Partly too it’s because farmers retire in different ways and at different times, so they don’t spend their careers focused on a specific date when they know they’re going to be cut off from regular employment income. But part of the reason is that life simply happens too fast, says Jeffrae Rothwell, an agriculture account specialist with Affinity Credit
Union in Shellbrook, Sask. When you’re so preoccupied with today, he says, you don’t realize how quickly time is flying by.
“We’re seeing farmers start to plan for retirement at a fairly late stage,” Rothwell says. “Sometimes that doesn’t
give them enough time to get things in order.”
The situation overall is improving, Rothwell says. Still, if you think you are going to have a healthy retirement with a nest egg of less than $500,000 — after you’ve bought somewhere to live — it’s time to put some actual numbers down on paper and see how they add up… that is, if you plan to retire and leave the farm.
President and founder of Grayson, Sask.’s Wheatland Financial Services, Paul Kuntz finds that grain farmers he’s spoken to plan to stay on the farm and keep their hand in its operations, and therefore don’t need as much savings to sustain them.
“As one guy put it, ‘This job is easy — there’s not a whole lot of work left in this job any more. Most of our bins are hopper bins, we have GrainVacs, we sit in huge tractors that steer themselves. It’s not like you have to do a whole lot of physical labour nowadays to run a big grain farm.’”
Kuntz says that at planning sessions he does with farm couples, the wives concede it’s not their ideal retirement, but they know it’s the only way their husbands want to do it, and they can live with it if they both take a few weeks of holidays.
“Nobody wants to build a house in town,” Kuntz says. “That whole concept is done.”

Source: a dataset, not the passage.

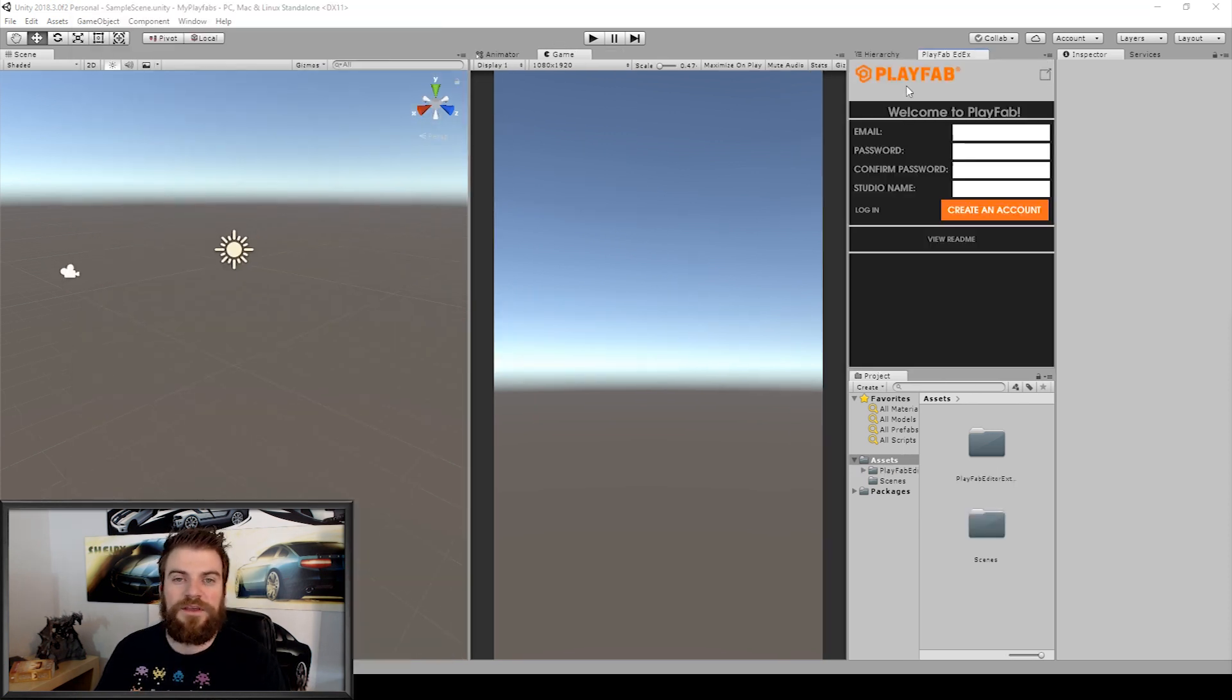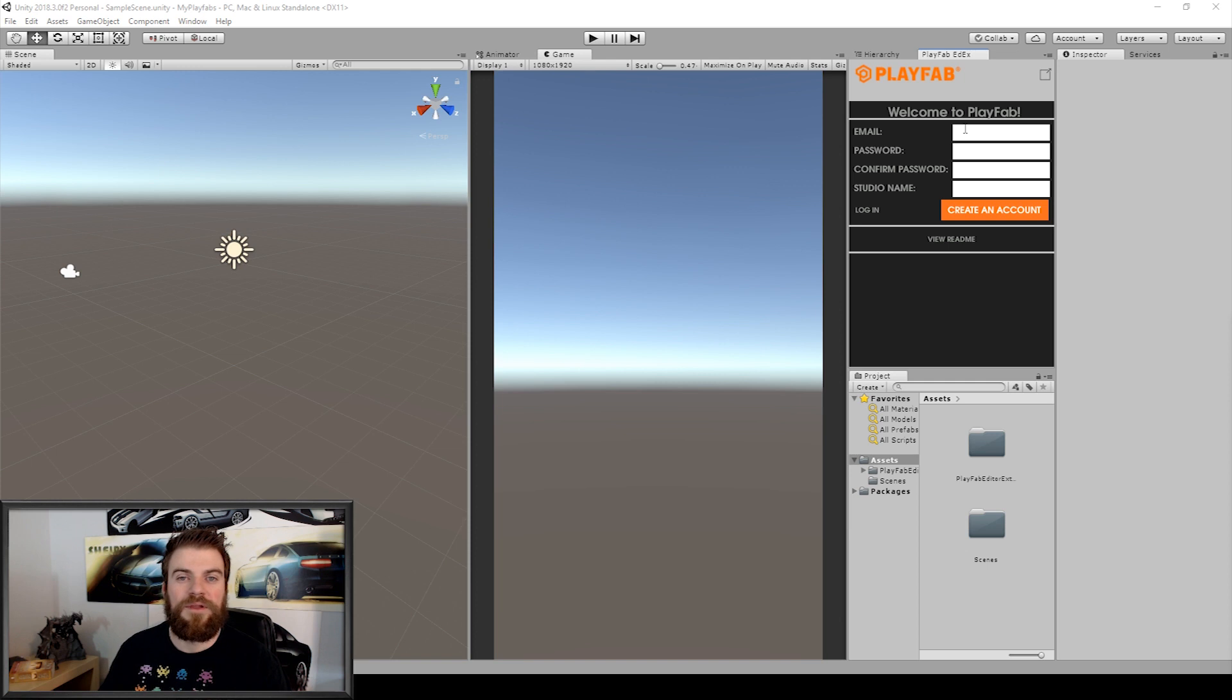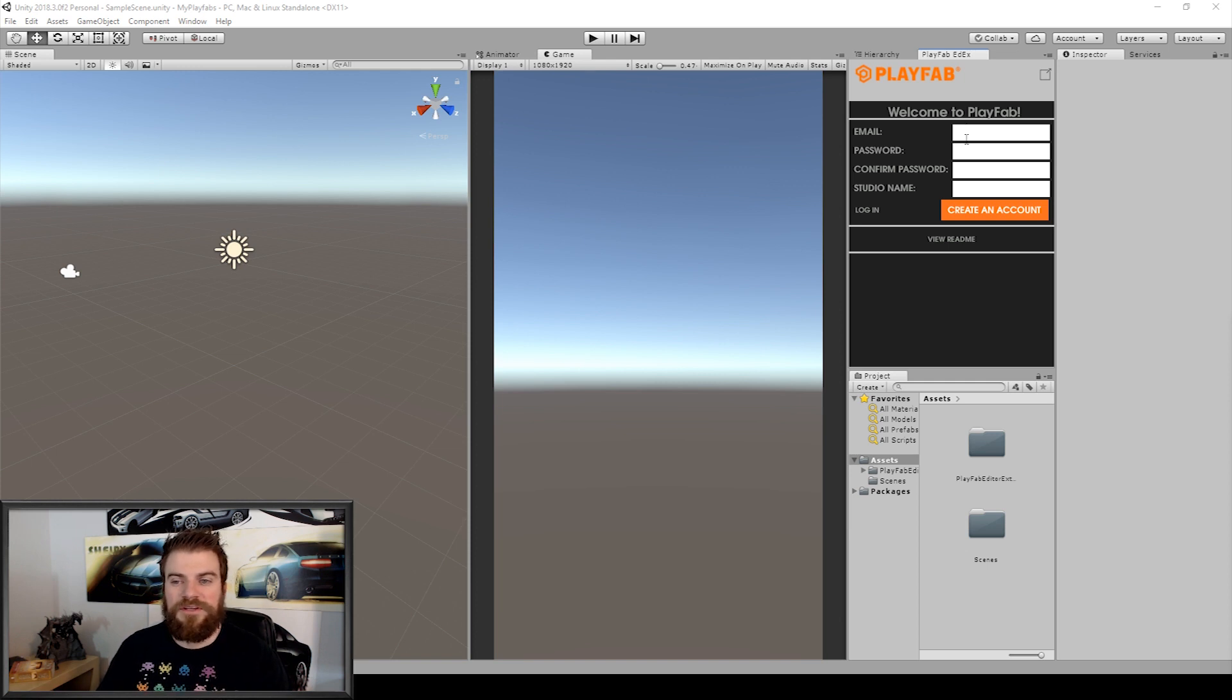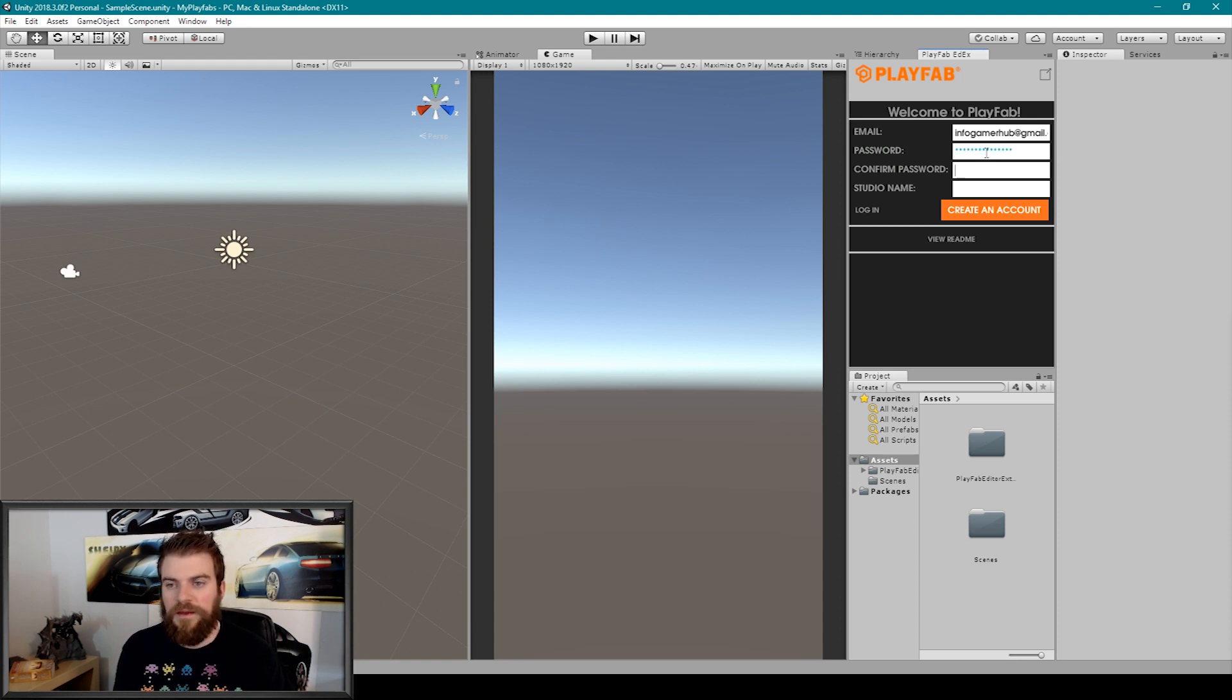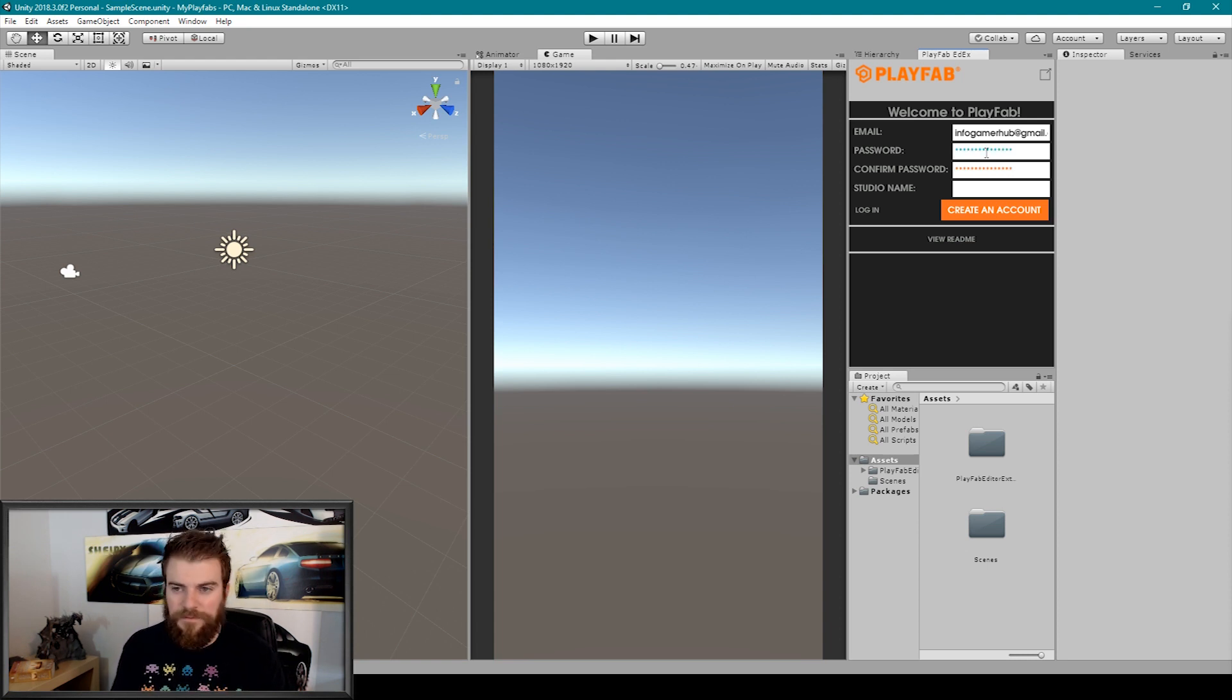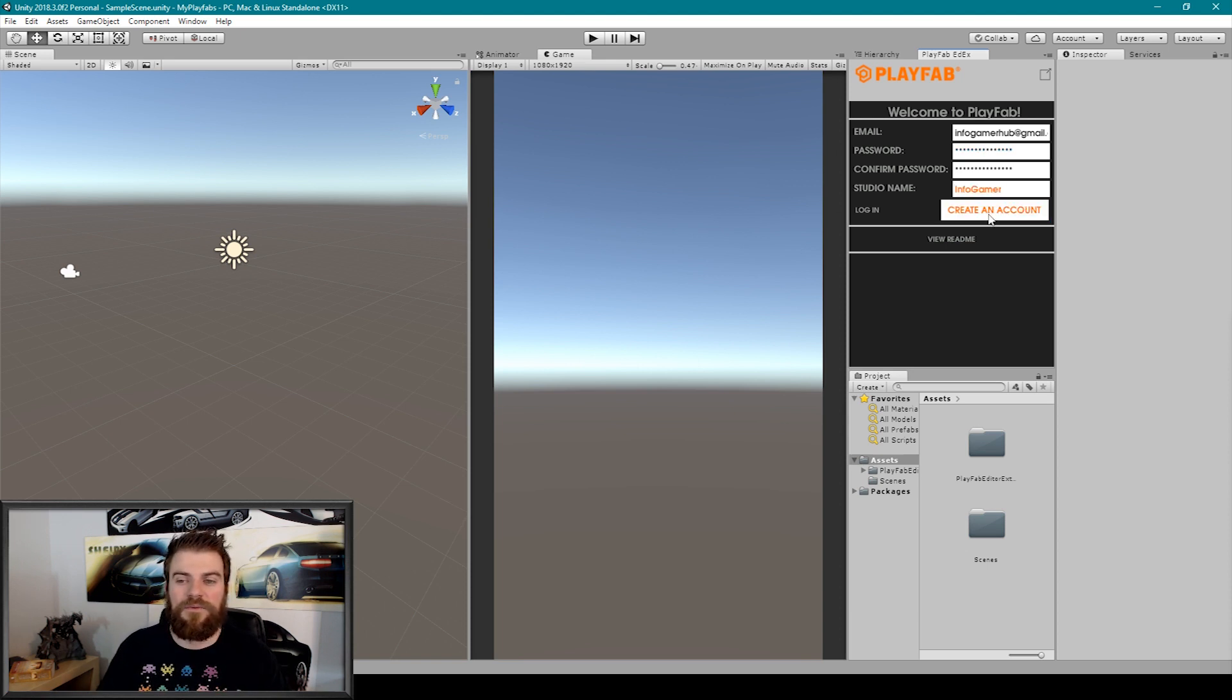Once it's imported, you'll then see this new window here, which is called Playfabs edX. And here we can create our new Playfabs account. So I'm going to type in my email. I'm then going to enter in a password. I'm then going to confirm that password. We can then give our account a studio name. And then we can click Create an Account.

What’s made retirement life on the farm more feasible is improved roads and infrastructure. Kuntz says it might have been a risky proposition 30 or 40 years ago, but not any more with better winter clearing operations and passable all-season roads, not to mention four-wheel-drive trucks.
“They’ve built this life for years and years and years — this is their paradise,” Kuntz says. “We’re dealing with people who enjoy not having somebody 16 feet away from them. So where are you going to retire where you can have that luxury of having space to yourself? You’re not going to find that anywhere else.”
So when Kuntz tries to scare his clients into thinking about the money they need for succession planning, many answer that they’ll keep working until
they can’t any more and that they’re not moving.
“It’s pretty tough to come back and say you need $500,000 to retire. Well, maybe they don’t,” Kuntz says. “They probably only have another 10 to 12 years that they have to sustain themselves, and they’re at that point in life where they’re probably not spending that terribly much, and they’re still going to be earning income.”
But that raises the issue of the next generation, which is another good reason to get realistic about your retirement expectations. Forbes recalls working recently with a farm couple ready to retire who intended to give their son their farm. In their minds, they only needed $1,000 a month to enjoy their golden years.
$2,500 a month, and up
Forbes knew that didn’t sound right and after going through their particulars, he discovered they’d need at least $2,500 a month, and as much as $3,500 if they wanted to go through with plans like travelling and buying a new car to replace their vehicle.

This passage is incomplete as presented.